Insurance rates drive high costs for state workers’ comp
Workplace injury incidents have been on a steady decline in Alaska over the past two decades, but workers’ compensation costs continue to rank as the most expensive in the nation driven by insurance rates tied to high cost of care.
June 23, 2013
A team from the Alaska Workers’ Compensation Board traveled the state June 17 to 20 holding public meetings to discuss rising medical costs associated with on-the-job injuries.
“At our main meeting our board decided it wanted to get out in the community and get feedback from employers, employees, from doctors, from attorneys — from the stakeholders in the workers’ compensation system,” state Division of Workers’ Compensation Director Mike Monagle said at the June 18 Anchorage meeting.

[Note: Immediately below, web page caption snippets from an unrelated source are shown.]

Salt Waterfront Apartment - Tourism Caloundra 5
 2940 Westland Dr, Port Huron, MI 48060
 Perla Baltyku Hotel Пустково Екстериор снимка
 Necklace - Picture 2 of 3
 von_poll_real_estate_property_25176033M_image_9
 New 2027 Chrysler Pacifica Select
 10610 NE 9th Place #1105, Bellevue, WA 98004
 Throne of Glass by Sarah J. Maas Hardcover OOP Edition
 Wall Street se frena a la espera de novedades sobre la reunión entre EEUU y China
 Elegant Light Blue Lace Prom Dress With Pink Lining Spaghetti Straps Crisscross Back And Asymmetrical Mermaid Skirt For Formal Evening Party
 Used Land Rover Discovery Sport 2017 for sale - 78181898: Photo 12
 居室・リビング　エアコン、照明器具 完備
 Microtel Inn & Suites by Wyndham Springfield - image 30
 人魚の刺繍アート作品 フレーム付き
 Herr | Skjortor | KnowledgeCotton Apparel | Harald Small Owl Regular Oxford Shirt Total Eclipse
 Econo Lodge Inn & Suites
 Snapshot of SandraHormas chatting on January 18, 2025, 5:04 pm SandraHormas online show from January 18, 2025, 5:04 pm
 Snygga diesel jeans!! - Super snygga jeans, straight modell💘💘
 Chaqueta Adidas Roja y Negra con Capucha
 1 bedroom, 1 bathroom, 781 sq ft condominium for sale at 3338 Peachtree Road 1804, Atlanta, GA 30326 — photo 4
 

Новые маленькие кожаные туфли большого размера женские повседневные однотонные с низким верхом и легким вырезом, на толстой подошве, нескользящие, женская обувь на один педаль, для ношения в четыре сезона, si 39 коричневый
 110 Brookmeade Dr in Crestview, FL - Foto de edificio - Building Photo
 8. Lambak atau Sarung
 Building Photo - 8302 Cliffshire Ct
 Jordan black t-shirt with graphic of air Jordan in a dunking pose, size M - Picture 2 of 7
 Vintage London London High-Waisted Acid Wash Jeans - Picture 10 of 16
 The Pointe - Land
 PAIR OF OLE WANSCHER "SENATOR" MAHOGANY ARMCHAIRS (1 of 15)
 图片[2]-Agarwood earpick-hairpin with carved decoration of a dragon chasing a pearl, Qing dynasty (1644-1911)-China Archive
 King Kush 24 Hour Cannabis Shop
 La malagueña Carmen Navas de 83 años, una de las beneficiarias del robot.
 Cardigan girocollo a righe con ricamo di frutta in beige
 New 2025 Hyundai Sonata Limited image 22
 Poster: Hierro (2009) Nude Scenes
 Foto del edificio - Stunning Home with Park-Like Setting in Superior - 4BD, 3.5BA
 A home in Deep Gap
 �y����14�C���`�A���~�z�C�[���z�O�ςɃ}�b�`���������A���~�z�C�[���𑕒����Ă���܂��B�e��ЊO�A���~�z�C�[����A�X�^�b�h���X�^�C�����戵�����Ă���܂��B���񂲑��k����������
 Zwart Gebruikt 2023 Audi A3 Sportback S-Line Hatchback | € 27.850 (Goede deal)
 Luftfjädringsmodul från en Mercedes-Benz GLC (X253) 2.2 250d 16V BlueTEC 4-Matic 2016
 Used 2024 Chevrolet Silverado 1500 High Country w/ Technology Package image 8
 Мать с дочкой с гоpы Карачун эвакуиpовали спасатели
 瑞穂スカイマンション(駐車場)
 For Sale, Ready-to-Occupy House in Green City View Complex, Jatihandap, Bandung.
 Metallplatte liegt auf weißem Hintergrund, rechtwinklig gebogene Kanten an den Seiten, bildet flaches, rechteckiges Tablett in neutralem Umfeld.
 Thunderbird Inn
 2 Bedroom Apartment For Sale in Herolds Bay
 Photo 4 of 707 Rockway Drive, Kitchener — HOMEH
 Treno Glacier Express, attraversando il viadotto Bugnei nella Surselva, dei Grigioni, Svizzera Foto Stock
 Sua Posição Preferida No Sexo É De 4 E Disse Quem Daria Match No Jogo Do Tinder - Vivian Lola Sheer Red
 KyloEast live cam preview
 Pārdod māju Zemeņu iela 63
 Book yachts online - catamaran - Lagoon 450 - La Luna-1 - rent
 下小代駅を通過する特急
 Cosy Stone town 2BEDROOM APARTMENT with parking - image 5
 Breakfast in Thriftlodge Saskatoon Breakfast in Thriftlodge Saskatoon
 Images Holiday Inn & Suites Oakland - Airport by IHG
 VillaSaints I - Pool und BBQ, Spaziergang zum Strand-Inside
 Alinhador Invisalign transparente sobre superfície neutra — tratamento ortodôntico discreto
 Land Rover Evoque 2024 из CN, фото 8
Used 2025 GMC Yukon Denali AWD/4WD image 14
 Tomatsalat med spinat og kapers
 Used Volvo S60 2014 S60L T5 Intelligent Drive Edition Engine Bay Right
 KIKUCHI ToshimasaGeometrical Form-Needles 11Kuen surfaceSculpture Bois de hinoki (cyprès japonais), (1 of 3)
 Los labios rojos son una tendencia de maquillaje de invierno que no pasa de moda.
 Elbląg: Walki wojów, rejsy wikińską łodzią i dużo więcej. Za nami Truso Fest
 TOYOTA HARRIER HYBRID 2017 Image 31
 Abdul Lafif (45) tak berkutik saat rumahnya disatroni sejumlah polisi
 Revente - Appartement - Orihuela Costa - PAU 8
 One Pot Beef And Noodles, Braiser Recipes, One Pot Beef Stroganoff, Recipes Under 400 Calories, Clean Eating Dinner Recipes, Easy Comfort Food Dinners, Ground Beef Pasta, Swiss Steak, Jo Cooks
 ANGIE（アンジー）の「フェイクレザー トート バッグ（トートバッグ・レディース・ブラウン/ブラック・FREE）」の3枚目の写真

Other meetings were held in Fairbanks, Kenai and Juneau.
Alaska’s total workers’ compensation system costs were $270 million last year, according to division statistics.
A biannual study done by the state of Oregon found that Alaska carries the highest workers’ compensation insurance premium rates in the country, despite a 3 percent drop in premiums in 2012. In 2000, Alaska ranked 28th in workers’ compensation premium rates, but by 2006 it was the most expensive state in the country. Since then, Alaska has been first or second.
Monagle said rising insurance costs are not related to incident rates, which have dropped from more than 30,000 reported workplace incidents in 1994 to less than 20,000 last year. Over the same period employment grew by nearly 90,000 jobs to roughly 320,000 statewide, he said.
“Employment’s going up, (incident) frequency rate is going down. This frequency rate is really important because it’s the only thing that has been keeping Alaska’s premium rates in check,” Monagle said.
The Oregon study found Alaska’s premiums to be 160 percent of the national median.
Premium rates for workers’ compensation insurance tend to be cyclical, Monagle said, and nationally rates have increased over the last two years. So the 3 percent in-state decline may not become a trend. Despite being cyclical, rates never return to their previous bottom, he said.
Monagle reported that nearly 75 percent of “total lost costs” in 2012 associated with benefit claims were medical costs. Of the $260.7 million paid out in Alaska during 2011, $160.4 million, or 62 percent, was for medical benefits.
Nationwide, medical benefits make up 59 percent of total costs, with indemnity, or lost work time accounting for the remainder, Monagle said. He called the annual 8 percent-plus increase in premiums nationwide “unsustainable.”
“Today, in all states, medical is the big cost driver,” he said.
Monagle broke medical costs down into three categories: fees, over-utilization and prescription drugs.
He said specialty medicine costs are disproportionately high in Alaska. This includes treatments such as physical therapy and chiropractor visits. Some states have mitigated medical fees by implementing fee schedules, which help regulate what clinics and hospitals charge.
Most states that have fee schedules are on the lower end of the cost spectrum, Monagle said. Alaska, which has a fee schedule, doesn’t follow the trend.
He likened a fee schedule to car shopping.
“You don’t go into a car dealership and offer to pay full retail, nobody does,” Monagle said.
High treatment cost and high insurance premiums go hand-in-hand, he said.
He declined to offer specific suggestions for further regulatory measures to curb premium costs but said Montana, which had been battling Alaska for the highest workers’ compensation costs in the country, recently instituted legislation that dropped it in the rankings. In 2010, Montana was first in total cost and by last year it had dropped to eighth, according to the Oregon study.
Other states have also looked at ways to mitigate the over-use of expensive treatments to mitigate medical costs, Monagle said.
“Most states are moving towards utilization guidelines,” he said. “For example, ‘for this diagnosis, this is the recommended treatment.’”
He added that many of the doctors his division consults with do not receive workplace injury treatment training, thus they don’t view workplace injuries differently. Monagle gave the example of an individual with a broken ankle being told to stay home for several weeks to allow the injury to heal.
While that may be an effective treatment, he said, it is possible someone in that situation could receive a boot or air cast and return to work in some capacity “off their feet” and save thousands of dollars in indemnity costs.
Monagle said costs associated with prescription drugs account for 20 percent of medical benefits paid in compensation claims.
He said strong, opioid painkillers such as Oxycodone can have a debilitating effect on injured workers prescribed them for intense pain. Monagle said the drugs were never intended for general use, rather they were designed as “end of life” treatment.
The drugs are of particular concern in workers’ compensation cases because patients are highly susceptible to dependency and subsequent depression and other mental health issues, Monagle said. While a worker may be physically healed, they are then mentally unfit for work, he said.
Monagle noted programs that require patients who have been on opioids for more than 60 days without signs of physical improvement to enter treatment programs to prevent dependency.
On the flipside, several states have also instituted drug testing to assure patients prescribed powerful painkillers are actually taking them and not selling them “on the street for $100 a pill,” Monagle said. Alaska does not have such programs.
He cited state figures that estimate prescription painkillers account for 40 percent of all drug costs in Alaska.